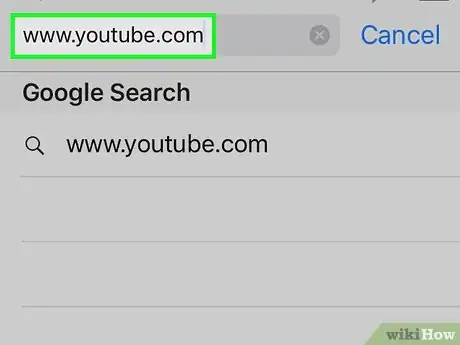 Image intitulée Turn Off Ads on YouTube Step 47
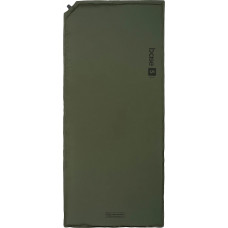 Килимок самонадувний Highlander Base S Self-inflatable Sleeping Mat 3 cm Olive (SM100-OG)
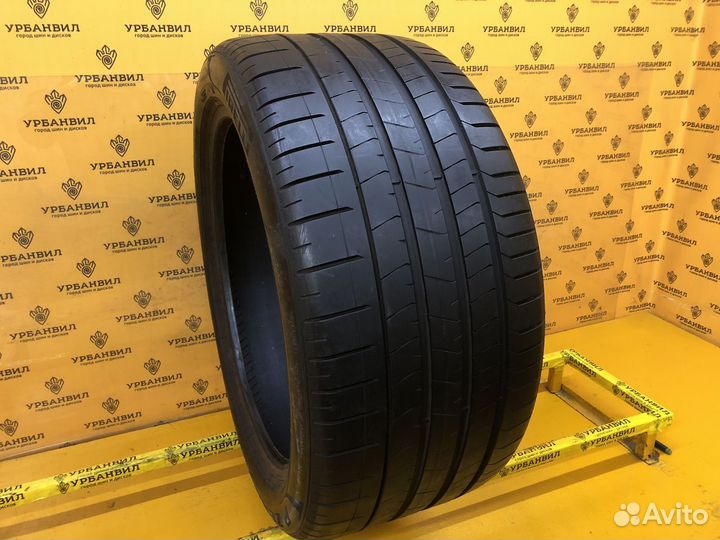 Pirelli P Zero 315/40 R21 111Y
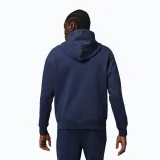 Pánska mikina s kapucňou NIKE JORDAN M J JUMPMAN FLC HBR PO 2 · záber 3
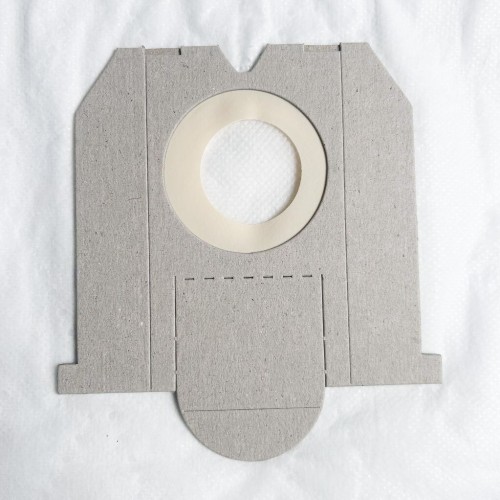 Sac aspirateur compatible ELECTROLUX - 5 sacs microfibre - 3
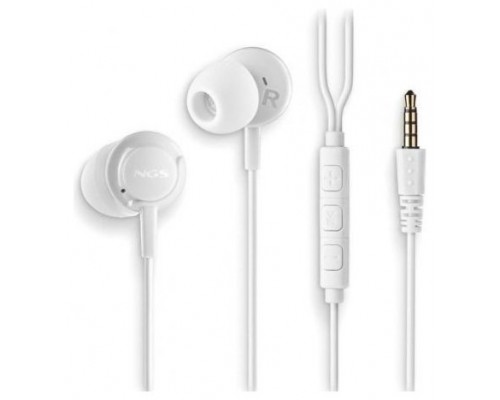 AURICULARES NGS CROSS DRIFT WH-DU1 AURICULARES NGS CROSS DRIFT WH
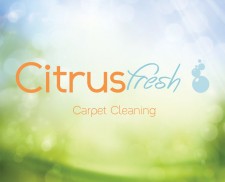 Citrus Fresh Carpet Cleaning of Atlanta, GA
:::
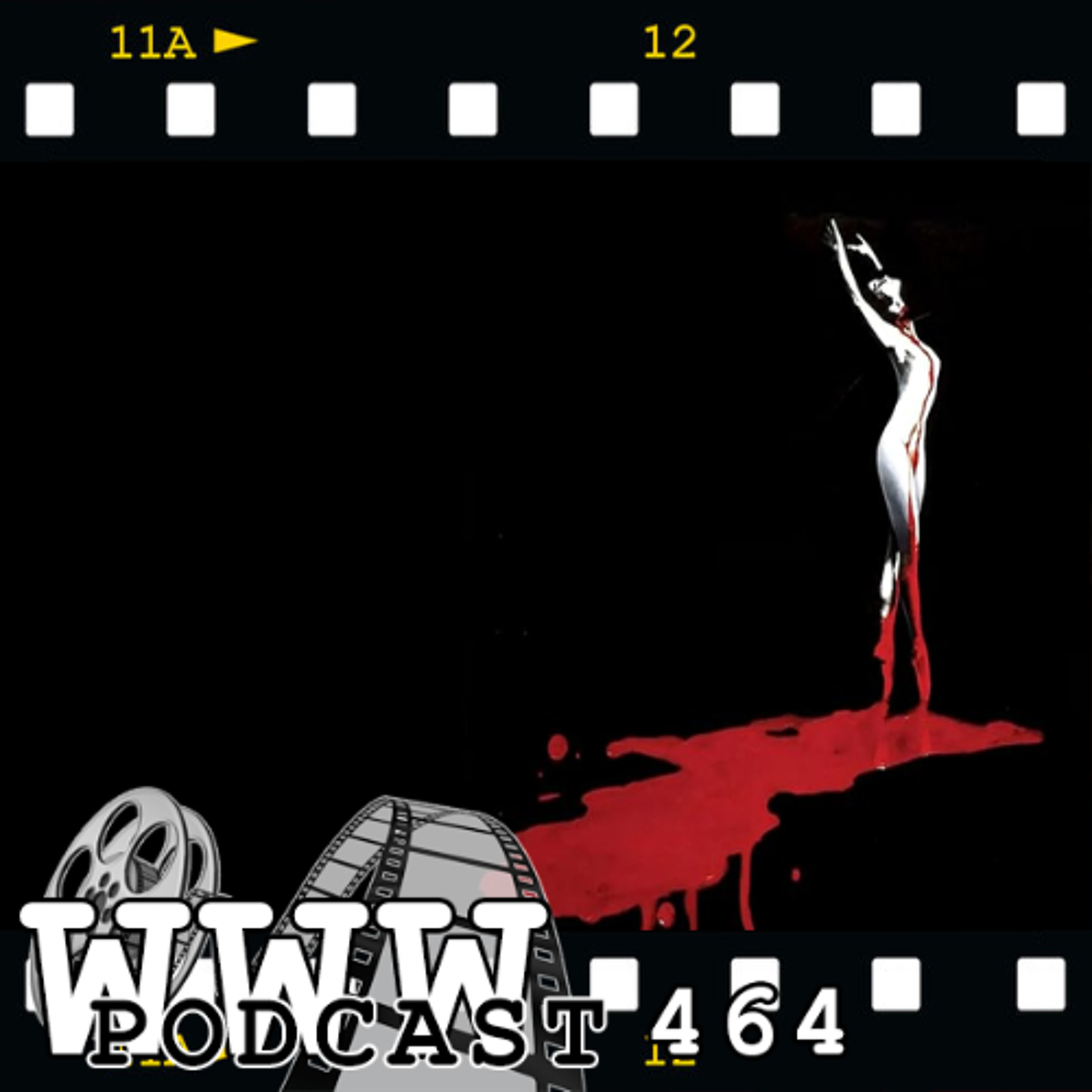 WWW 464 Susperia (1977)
:::
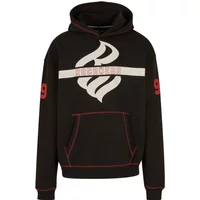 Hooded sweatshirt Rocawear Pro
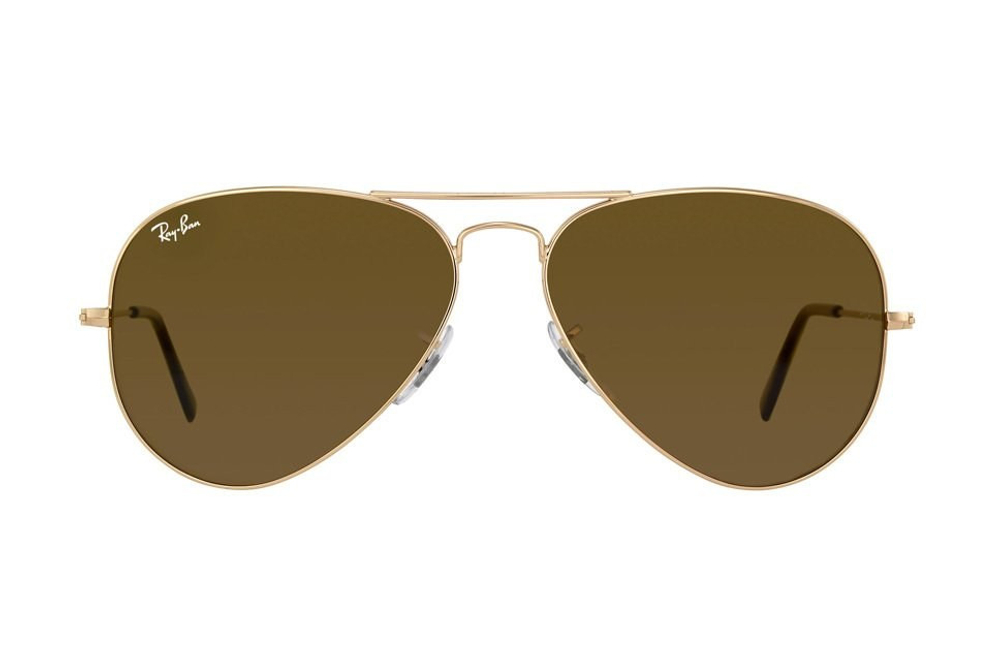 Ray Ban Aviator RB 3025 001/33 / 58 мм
:::
What you have to do – Going by the entries above, repeat exactly the lines that start at the line with "AURICULARES NGS CROSS DRIFT WH-DU1" and go on through the line with "Citrus Fresh Carpet Cleaning of Atlanta, GA". Pictures are not part of the copy.

Answer box –
 AURICULARES NGS CROSS DRIFT WH-DU1 AURICULARES NGS CROSS DRIFT WH
 Citrus Fresh Carpet Cleaning of Atlanta, GA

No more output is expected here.